The strengthening of the judiciary after 1989 was also reflected in the increased number of court cases (Kühn 2010, p. 179f.), which boosted the courts’ relevance in resolving conflicts. The adoption of legislative changes while some old provisions continued to exist led to legal conflicts and increased the need for interpretation by the courts. The ordinary courts interpreted laws in a rather formalistic manner, i.e. in continuation of the judicial practices of the late socialist period (Kühn 2004, Kühn 2010, p. 179; Cserne 2017, p. 23; Ajani 1995; Fogelklou 2002). This meant that even though judges applied the legislation enacted after 1989, they did not take into account the values and overall intentions associated with them but had “a purely instrumental attitude towards them” (Zirk-Sadowski 2006, p. 306; also Mańko 2017, p. 78f.). Nevertheless, most of the rulings of ordinary courts went unnoticed by the public and have not been systematically researched (Cserne 2017).45
More public attention was paid to the new constitutional courts (Schwartz 2000; Procházka 2002; Sadurski 2002). They interpreted the new or revised constitutions extensively, leading observers to speak of “excessive” judicial activism (Sadurski 2008). Mobilised by diverse plaintiffs,46 they “have established themselves as powerful activist players” (Koncewicz 2017, p. 295; Sadurski 2008). In many cases, their rulings were decisive for clarifying fundamental rights, constitutional issues, matters of elite selection (in the form of lustration-related case law), private property, the handling of transitional justice and other topics of particular importance. Especially the broad fundamental rights catalogues which listed rights but typically did not define them in detail were clarified through judicial interpretation by constitutional courts.47 Since the decisions of the constitutional courts differed from the formalist decisions of the ordinary courts, the latter often ignored them in Romania (Gutan 2024, p. 567; Tănăsescu and Selejan-Guţan 2018, p. 420).

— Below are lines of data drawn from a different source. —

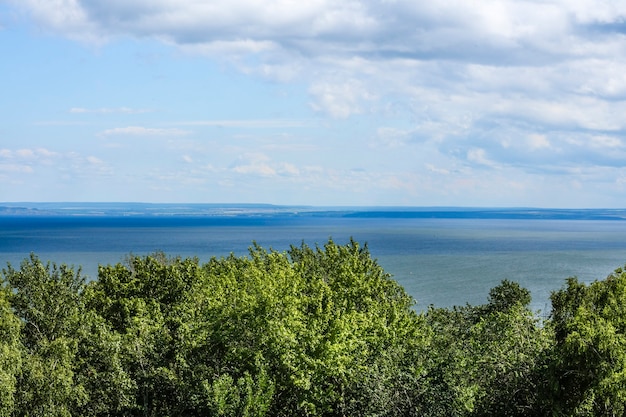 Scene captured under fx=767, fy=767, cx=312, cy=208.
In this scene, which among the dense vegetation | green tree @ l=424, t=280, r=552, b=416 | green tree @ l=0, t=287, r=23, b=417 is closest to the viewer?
green tree @ l=0, t=287, r=23, b=417

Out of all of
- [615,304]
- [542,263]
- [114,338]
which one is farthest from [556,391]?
[542,263]

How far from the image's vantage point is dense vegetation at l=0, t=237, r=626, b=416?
32094 mm

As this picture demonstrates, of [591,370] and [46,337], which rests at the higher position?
[591,370]

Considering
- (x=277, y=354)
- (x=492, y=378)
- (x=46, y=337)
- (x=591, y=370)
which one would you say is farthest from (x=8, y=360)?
(x=591, y=370)

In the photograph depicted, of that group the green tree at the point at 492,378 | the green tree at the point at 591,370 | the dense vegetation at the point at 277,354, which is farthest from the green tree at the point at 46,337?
the green tree at the point at 591,370

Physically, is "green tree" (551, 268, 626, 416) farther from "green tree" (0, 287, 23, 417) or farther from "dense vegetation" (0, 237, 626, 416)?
"green tree" (0, 287, 23, 417)

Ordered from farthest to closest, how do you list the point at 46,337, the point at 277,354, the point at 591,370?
the point at 46,337, the point at 277,354, the point at 591,370

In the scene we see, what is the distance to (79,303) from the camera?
135 feet

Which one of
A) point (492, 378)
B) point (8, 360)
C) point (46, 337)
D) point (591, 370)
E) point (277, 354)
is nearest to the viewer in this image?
point (591, 370)

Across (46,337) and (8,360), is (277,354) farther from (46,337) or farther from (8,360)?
(46,337)

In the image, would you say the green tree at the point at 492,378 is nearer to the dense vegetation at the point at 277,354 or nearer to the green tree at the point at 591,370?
the dense vegetation at the point at 277,354

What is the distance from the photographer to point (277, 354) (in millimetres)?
36031

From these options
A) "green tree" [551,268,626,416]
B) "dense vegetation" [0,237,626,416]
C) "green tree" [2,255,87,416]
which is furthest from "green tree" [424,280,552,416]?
"green tree" [2,255,87,416]

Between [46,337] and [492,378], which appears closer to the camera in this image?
[492,378] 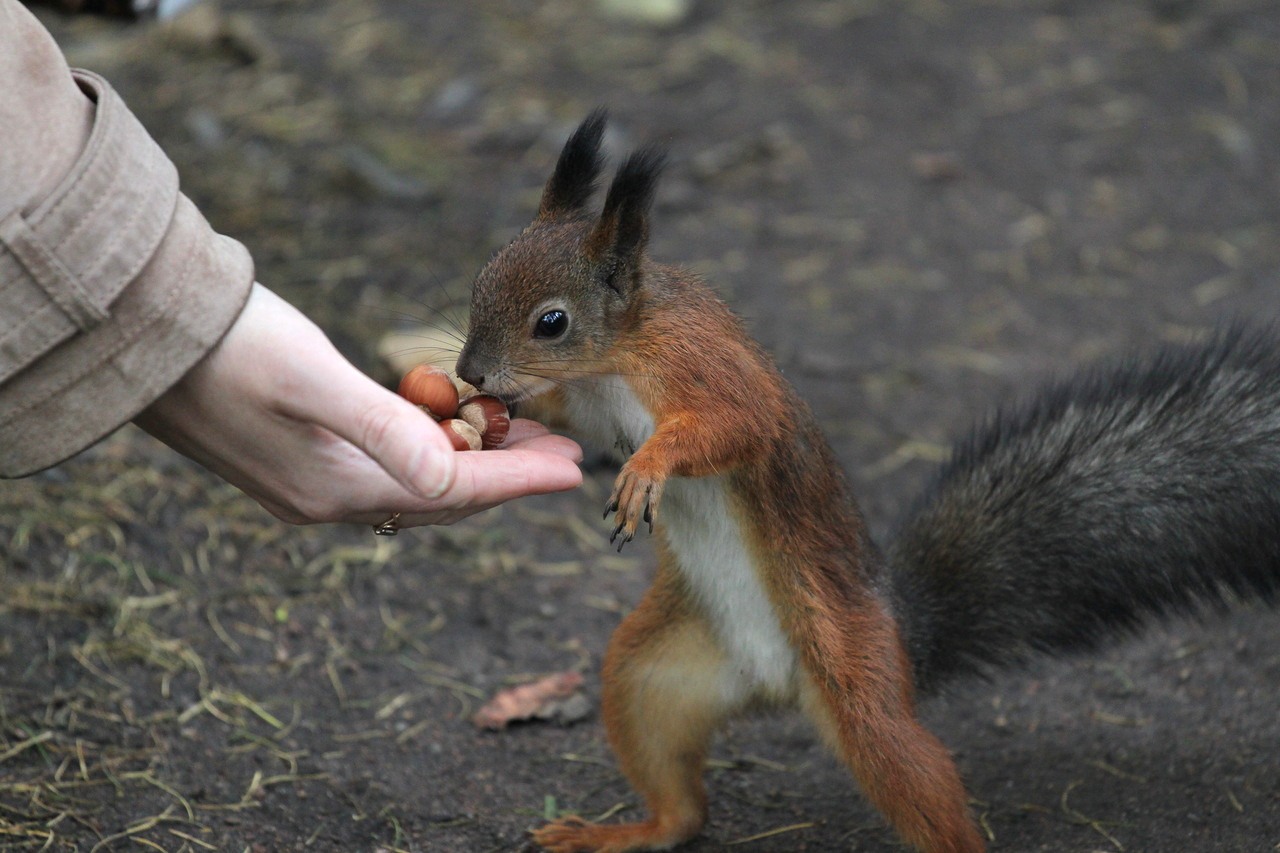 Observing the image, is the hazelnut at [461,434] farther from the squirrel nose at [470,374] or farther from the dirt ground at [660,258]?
the dirt ground at [660,258]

In Poland, in the absence of a new constitution until 1997, the Constitutional Tribunal created a quasi-constitutional framework (Safjan 2017, p. 376). It developed a concrete interpretation of the principle of the rule of law, as well as certain rights and freedoms (Diemer-Benedict 1998, p. 206f.). It also established principles for legislation and had to decide in the repeated conflicts between directly elected presidents and prime ministers elected by the Sejm (Krok-Paszkowska 2001). The “main grounds for declaring unconstitutionality” were the violation of the rule of law, the right to a fair trial, the principle of proportionality and the exceeding of the powers conferred upon the executive (Biernat and Kawczyńska 2019, p. 746).48 In Hungary, the powers of the constitutional court were much more extensive. Under its chief justice László Sólyom (1990–1998) the court established an “open and creative interpretation” of the constitution (Safjan 2017, p. 376) and began to “aggressively challenge the legislature about new legislation” (Boulanger 2006, p. 265) with an “unprecedentedly high annulment rate” (Sajó 1995, p. 256).49 Other constitutional courts were less powerful.50
The constitutional courts’ jurisdiction was relevant for sensitive political issues, including lustration, retroactivity, elections and EU accession. The constitutional courts in Czechoslovakia and its successor states Czechia and Slovakia, as well as in Poland and Hungary, repeatedly ruled relevant parts of lustration laws unconstitutional, allowed checks and clearances only for a narrow range of positions and individuals and rejected more general regulations (Nalepa 2010, p. 3). This was because of the structural problems of the rule of law for coming to terms with past political injustice described in Sect. 3.3.51 To name a few other sensitive decisions, the Slovak Constitutional Court ruled several times on retroactive legal norms and declared that they can be constitutionally acceptable under certain conditions. It also repeatedly ruled Prime Minister Mečiar’s attempts to reduce the influence of the opposition unconstitutional.52 The Polish Constitutional Tribunal interpreted the result of the 1997 referendum on a new constitution as valid, even though the 1995 Referendum Act stipulated a 50 per cent turnout for a referendum to be valid (Górski 2014). It also repeatedly ruled on abortion (Bucholc 2022).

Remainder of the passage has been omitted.